GLOBAL MARKETS: European Stocks Edge Up On Upbeat Corporate News

--Stocks push up on strong corporate news
--Corporate news helps to offset soft manufacturing data
--Fed Bernanke's remarks and ECB's latest LTRO assessed


LONDON (Dow Jones)---European stock markets pushed a little higher Thursday, supported by strong corporate earnings from some of the region's leading blue-chip companies, which helped to overshadow softness in euro zone and U.K. manufacturing data.

At 0933 GMT, the benchmark Stoxx Europe 600 index was up 0.4% at 265.26. London's FTSE 100 index was 0.5% higher at 5902.74, Paris's CAC 40 index rose 0.2% to 3459.49 and Frankfurt's DAX was up 0.4% at 6885.83.

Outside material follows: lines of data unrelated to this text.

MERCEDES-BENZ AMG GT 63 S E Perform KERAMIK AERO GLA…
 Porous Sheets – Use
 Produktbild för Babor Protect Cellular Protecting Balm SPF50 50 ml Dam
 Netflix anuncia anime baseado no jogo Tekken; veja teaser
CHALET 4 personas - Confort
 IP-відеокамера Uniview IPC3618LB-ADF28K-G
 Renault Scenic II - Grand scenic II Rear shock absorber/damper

It was corporate news that helped markets to climb higher. Deal news was the highlight with shares of Cable & Wireless Worldwide soared 18% on reports that India's Tata Communications may make a bid for the U.K. group. Elsewhere, shares in Swiss-listed staffing company Adecco rose 4.2% after it said full-year sales rose 10% last year and net profit increased by around 22.7%. U.K. listed hedge fund Man Group shares rose 8.8% after it said funds under management had increased slightly in the first two months of 2012 and it had seen an improvement in investor sentiment since the end of last year.

Meanwhile, advertising giant WPP rose 3.7%, after it said it was cautiously optimistic for another strong performance this year as it reported a sharp rise in annual profit, driven by strong growth in emerging markets and corporate investment in brands. Kazakhstan's biggest copper producer Kazakhmys' shares gained 1.6% after it reported a 1.4% rise in its full-year adjusted earnings and said its growth projects are proceeding well.

The upbeat corporate picture helped to offset weakness in euro-zone manufacturing data. The Markit purchasing managers index for the manufacturing sector rose to 49.0 in February from 48.8 in January, unchanged from a preliminary estimate. A figure of less than 50 indicates a contraction in activity.

In the U.K., the manufacturing PMI dipped to 51.2 in February from 52.0 in January, just below the 52.0 that the market was anticipating. But the headline index remains above the break-even 50 level, so the report offers hope that the U.K. can avoid a technical recession after the economy shrank 0.2% in fourth quarter of 2011, said ING Bank, but it added "it is going to be a bumpy ride."

At the same time, investors were assessing Wednesday's developments by central banks. At his testimony to Congress Wednesday, Federal Reserve Chairman Ben Bernanke played down the prospect of further quantitative easing in the near term, expressing surprise at the recent improvement in the jobs market, and suggesting that gas prices could push inflation higher.

Traders also pondered Wednesday's latest action by the European Central Bank in doling out another EUR530 billion in its long-term refinancing operation, or LTRO, for European banks. "While the LTRO should materially ease the euro zone deleveraging process, credit conditions are still tight in Spain, Italy, Central and Eastern Europe, which could require further targeted policy action and time," said Morgan Stanley.

In foreign exchange markets, the euro shrugged off a sluggish morning start and edged higher against the greenback after the ECB's long-awaited second LTRO met with strong demand Wednesday. Credit Agricole said that it no longer expects the ECB to cut rates in March, although it maintained "the view that additional monetary easing is warranted as economic growth remains structurally weak and unemployment is rising." It added that the "LTRO results are also buying the ECB more time."

By 0931 GMT, the single currency was at $1.3339 against the greenback from $1.3324 late Wednesday in New York, and at Y108.13 versus the yen from Y108.13. The dollar was at Y81.15 against the yen from Y81.14.

Meanwhile, spot gold was at $1,723.60 per troy ounce, up $27.30 from its New York settlement on Wednesday. April Nymex crude oil futures were 16 cents higher at $107.23 per barrel, while April Brent oil futures were up 56 cents at $123.22. The March bund contract was down 18 ticks at 139.71.